On Friday, August 3, 2012, US Citizenship and Immigration Services (USCIS) Director, Alejandro Mayorkas, held a conference call to provide information on benefits available under the “deferred action” process. As the label indicates, the benefit granted is “a deferral” of any action that may be taken against the applicant due to unlawful status. Once the period of deferred action ends, the applicant will revert to whatever status (s)he had before the temporary reprieve was granted.
The benefits of the program recognize the plight of children who were brought here by their parents when they could express no objection to it or did not want to be separated from them. Now as young adults they are relegated to a shadowy existence. As a result, anything that changes their predicament is viewed as improvement. However, in closely examining the offer, the dream becomes an elusive promise.
Mr. Mayorkas began his presentation by announcing that applications of childhood arrivals will be accepted for filing beginning August 15, 2012. This is the same date that the application form will first become available. It will require a filing fee of $465 plus $380 for an Application for Employment Authorization (EAD). However, EAD will not to be granted automatically; it must be based on evidence of “economic necessity.”
As I previously explained , the benefit is only for two years. In outlining the requirements to qualify for deferred action, the Director also included a string of cautions that should be considered by all applicants, but are likely to be ignored.
Preliminarily, it is important to understand that the decision to grant or deny each application is discretionary. There is no guarantee that a case will be granted; neither is there available an appeal nor a motion to reopen an adverse decision. Mr. Mayorkas also reminded his audience that deferred action does not provide a pathway to permanent status, nor does it excuse prior unlawful presence. And because it is not a law enacted by Congress, it may be revoked or modified at any time. At best, the benefit can provide employment authorization and will stop accrual of unlawful presence during the granted period, but it will again be counted once the benefit ends. The only exception is for children under 18. On the other hand, if the benefit is denied, the case will likely be referred to Immigration Court for removal proceedings.
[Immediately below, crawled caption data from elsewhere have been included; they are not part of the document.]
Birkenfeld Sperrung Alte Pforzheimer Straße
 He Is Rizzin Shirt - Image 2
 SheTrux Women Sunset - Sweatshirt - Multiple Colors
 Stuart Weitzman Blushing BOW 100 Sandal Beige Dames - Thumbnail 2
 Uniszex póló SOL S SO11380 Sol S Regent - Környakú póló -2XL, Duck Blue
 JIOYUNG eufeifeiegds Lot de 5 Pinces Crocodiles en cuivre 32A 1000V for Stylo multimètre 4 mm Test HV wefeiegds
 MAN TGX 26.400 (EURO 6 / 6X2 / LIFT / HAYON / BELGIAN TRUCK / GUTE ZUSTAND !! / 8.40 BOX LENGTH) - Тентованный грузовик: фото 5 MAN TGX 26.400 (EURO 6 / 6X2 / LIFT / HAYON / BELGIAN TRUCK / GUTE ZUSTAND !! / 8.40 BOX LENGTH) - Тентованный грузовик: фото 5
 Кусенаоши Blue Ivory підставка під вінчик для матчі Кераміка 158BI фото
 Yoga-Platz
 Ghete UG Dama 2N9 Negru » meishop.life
The above caveats make it imperative that an experienced and competent immigration lawyer prepare the case. There is nothing simple about immigration law; it has never been a matter of just filling out forms. To be successful, it is necessary to understand the underlying law and regulations behind each bit of information being elicited by each question of the application. And of course, each application must be supported by adequate and credible documentation and evidence.
A portion of the USCIS presentation was dedicated to the problem of the unauthorized practice of law (UPL) and notario fraud. The USCIS has posted a warning of this pitfall. It is critical to understand that any false information in the application process will be treated as fraud and the applicant will be placed in removal proceedings. This would put the applicant is a worse and likely irreparable position than prior to filing. To help avoid victimization and to take action if injury occurs, see here.
The USCIS has posted preliminary information on eligibility and required documents to support the application. The same site lists frequently asked questions (FAQ) as well as criminal violations that would prevent eligibility for deferred action. The USCIS will post additional information about the process on August 15.